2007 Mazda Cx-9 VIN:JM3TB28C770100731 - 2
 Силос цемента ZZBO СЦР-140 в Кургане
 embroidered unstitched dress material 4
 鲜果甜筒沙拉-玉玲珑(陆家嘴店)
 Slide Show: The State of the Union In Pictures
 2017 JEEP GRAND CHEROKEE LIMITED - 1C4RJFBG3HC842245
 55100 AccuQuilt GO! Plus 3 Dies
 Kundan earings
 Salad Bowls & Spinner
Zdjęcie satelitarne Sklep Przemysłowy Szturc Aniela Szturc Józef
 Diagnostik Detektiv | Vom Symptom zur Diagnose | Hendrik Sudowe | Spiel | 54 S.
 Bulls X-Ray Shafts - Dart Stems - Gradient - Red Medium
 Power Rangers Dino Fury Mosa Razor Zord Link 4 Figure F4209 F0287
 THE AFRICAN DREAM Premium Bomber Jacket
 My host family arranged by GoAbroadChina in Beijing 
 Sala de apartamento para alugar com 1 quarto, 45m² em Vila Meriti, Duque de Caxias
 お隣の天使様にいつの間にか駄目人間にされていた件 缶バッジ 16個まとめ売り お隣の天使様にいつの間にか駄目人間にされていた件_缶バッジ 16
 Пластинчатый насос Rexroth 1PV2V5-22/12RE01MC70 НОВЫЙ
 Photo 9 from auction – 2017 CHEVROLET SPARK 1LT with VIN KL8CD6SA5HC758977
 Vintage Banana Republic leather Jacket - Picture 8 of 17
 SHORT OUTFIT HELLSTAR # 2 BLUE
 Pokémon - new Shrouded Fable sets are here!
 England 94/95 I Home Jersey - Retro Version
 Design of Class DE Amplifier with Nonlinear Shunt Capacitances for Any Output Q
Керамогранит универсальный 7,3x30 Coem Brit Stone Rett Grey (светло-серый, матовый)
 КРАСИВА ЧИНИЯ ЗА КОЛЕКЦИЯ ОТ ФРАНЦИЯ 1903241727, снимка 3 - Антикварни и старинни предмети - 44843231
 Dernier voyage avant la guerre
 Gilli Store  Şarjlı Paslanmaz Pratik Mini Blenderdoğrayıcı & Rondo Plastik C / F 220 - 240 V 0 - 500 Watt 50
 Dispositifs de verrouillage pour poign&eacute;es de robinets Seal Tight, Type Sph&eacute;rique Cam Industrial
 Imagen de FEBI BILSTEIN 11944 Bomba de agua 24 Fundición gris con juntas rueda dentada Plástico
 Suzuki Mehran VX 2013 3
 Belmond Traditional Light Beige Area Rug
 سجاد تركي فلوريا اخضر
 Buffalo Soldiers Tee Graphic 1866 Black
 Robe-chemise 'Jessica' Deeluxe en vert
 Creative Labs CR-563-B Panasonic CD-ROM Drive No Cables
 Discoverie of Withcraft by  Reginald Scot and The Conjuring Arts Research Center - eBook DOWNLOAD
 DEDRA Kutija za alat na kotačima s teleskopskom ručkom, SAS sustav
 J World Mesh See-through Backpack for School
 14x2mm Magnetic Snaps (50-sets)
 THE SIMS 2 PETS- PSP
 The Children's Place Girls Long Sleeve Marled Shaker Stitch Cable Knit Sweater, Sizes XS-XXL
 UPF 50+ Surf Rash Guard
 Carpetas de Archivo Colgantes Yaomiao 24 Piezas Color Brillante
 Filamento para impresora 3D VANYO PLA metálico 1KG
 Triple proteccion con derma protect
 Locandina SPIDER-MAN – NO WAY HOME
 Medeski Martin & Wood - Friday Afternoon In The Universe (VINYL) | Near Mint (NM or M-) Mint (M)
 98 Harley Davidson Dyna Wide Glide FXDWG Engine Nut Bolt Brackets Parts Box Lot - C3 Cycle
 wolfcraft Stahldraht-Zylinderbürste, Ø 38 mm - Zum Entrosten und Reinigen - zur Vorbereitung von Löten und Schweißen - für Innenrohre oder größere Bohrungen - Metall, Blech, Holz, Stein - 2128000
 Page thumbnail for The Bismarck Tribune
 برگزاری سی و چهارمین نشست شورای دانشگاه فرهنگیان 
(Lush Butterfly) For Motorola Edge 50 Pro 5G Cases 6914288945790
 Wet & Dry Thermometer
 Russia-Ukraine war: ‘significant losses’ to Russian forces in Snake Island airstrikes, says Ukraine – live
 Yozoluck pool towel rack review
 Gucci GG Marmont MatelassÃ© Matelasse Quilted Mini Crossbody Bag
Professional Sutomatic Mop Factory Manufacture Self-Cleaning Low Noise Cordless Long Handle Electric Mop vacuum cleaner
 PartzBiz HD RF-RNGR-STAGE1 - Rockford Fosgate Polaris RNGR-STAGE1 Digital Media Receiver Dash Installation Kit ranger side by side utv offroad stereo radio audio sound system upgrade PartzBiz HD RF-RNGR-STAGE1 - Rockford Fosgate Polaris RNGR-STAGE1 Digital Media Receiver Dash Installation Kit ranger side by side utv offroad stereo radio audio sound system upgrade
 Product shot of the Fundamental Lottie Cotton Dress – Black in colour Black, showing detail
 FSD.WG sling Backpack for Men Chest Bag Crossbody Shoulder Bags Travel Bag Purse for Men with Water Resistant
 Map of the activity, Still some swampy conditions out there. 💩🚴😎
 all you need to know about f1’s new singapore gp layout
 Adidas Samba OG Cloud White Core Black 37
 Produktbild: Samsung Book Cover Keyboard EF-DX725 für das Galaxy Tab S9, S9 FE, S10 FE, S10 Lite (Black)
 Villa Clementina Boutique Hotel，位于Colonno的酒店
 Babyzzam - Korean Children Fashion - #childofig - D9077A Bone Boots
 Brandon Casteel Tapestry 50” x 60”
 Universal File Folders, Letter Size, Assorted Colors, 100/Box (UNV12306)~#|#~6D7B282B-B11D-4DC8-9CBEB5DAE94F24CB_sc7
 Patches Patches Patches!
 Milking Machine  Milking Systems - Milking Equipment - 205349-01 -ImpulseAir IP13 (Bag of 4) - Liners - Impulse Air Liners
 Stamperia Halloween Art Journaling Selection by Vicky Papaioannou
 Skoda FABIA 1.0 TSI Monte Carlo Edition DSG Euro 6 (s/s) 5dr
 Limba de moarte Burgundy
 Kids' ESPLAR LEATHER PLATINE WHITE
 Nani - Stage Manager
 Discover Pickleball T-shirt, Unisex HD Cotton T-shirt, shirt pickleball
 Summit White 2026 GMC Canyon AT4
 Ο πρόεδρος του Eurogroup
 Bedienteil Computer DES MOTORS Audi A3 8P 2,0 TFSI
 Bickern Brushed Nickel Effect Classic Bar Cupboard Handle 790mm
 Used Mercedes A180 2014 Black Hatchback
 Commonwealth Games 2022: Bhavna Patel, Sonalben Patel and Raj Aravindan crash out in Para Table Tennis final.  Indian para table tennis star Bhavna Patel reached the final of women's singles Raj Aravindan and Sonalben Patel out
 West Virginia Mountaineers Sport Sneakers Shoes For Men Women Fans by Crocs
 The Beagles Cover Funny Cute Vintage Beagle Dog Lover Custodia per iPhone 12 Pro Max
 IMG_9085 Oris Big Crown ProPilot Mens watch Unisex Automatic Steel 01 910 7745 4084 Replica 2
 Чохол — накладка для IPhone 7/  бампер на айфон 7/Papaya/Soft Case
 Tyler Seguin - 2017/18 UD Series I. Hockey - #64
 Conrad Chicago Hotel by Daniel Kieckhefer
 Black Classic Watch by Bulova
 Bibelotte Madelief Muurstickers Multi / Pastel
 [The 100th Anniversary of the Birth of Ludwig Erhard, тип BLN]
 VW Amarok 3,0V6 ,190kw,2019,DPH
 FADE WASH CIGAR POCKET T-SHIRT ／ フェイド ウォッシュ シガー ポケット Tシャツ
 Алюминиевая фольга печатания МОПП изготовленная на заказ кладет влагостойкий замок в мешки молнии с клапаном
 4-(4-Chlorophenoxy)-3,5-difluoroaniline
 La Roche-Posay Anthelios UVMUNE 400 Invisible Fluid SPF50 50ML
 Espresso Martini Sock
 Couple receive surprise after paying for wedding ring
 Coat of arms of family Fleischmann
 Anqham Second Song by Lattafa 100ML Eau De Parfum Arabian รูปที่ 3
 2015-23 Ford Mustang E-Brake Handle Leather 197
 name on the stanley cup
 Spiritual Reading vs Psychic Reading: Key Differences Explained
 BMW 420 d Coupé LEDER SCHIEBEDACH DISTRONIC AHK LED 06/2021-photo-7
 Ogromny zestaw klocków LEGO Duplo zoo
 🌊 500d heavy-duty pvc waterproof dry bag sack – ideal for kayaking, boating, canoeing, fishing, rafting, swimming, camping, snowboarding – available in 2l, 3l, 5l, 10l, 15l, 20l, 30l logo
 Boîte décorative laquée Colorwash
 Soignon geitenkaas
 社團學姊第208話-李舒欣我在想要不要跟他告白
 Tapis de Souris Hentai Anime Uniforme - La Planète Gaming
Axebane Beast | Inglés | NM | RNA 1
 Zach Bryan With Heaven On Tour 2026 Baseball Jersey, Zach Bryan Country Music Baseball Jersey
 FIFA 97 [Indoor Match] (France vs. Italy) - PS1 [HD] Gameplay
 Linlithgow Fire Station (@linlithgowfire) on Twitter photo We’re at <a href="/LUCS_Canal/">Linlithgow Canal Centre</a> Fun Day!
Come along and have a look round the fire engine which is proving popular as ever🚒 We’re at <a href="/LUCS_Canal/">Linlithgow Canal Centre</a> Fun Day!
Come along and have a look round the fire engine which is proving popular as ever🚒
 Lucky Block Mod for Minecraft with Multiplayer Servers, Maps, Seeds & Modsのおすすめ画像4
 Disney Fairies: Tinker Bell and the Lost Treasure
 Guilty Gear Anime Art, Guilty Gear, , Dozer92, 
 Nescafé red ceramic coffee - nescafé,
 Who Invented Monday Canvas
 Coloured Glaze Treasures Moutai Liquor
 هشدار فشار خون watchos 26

==========

GOAL OF THE EXERCISE - Set down, exactly as they stand above, the lines starting with the line with "Pokémon - new Shrouded Fable sets are here!" and going on through the line with "Carpetas de Archivo", and no others.

YOUR SOLUTION -
 Pokémon - new Shrouded Fable sets are here!
 England 94/95 I Home Jersey - Retro Version
 Design of Class DE Amplifier with Nonlinear Shunt Capacitances for Any Output Q
Керамогранит универсальный 7,3x30 Coem Brit Stone Rett Grey (светло-серый, матовый)
 КРАСИВА ЧИНИЯ ЗА КОЛЕКЦИЯ ОТ ФРАНЦИЯ 1903241727, снимка 3 - Антикварни и старинни предмети - 44843231
 Dernier voyage avant la guerre
 Gilli Store  Şarjlı Paslanmaz Pratik Mini Blenderdoğrayıcı & Rondo Plastik C / F 220 - 240 V 0 - 500 Watt 50
 Dispositifs de verrouillage pour poign&eacute;es de robinets Seal Tight, Type Sph&eacute;rique Cam Industrial
 Imagen de FEBI BILSTEIN 11944 Bomba de agua 24 Fundición gris con juntas rueda dentada Plástico
 Suzuki Mehran VX 2013 3
 Belmond Traditional Light Beige Area Rug
 سجاد تركي فلوريا اخضر
 Buffalo Soldiers Tee Graphic 1866 Black
 Robe-chemise 'Jessica' Deeluxe en vert
 Creative Labs CR-563-B Panasonic CD-ROM Drive No Cables
 Discoverie of Withcraft by  Reginald Scot and The Conjuring Arts Research Center - eBook DOWNLOAD
 DEDRA Kutija za alat na kotačima s teleskopskom ručkom, SAS sustav
 J World Mesh See-through Backpack for School
 14x2mm Magnetic Snaps (50-sets)
 THE SIMS 2 PETS- PSP
 The Children's Place Girls Long Sleeve Marled Shaker Stitch Cable Knit Sweater, Sizes XS-XXL
 UPF 50+ Surf Rash Guard
 Carpetas de Archivo Colgantes Yaomiao 24 Piezas Color Brillante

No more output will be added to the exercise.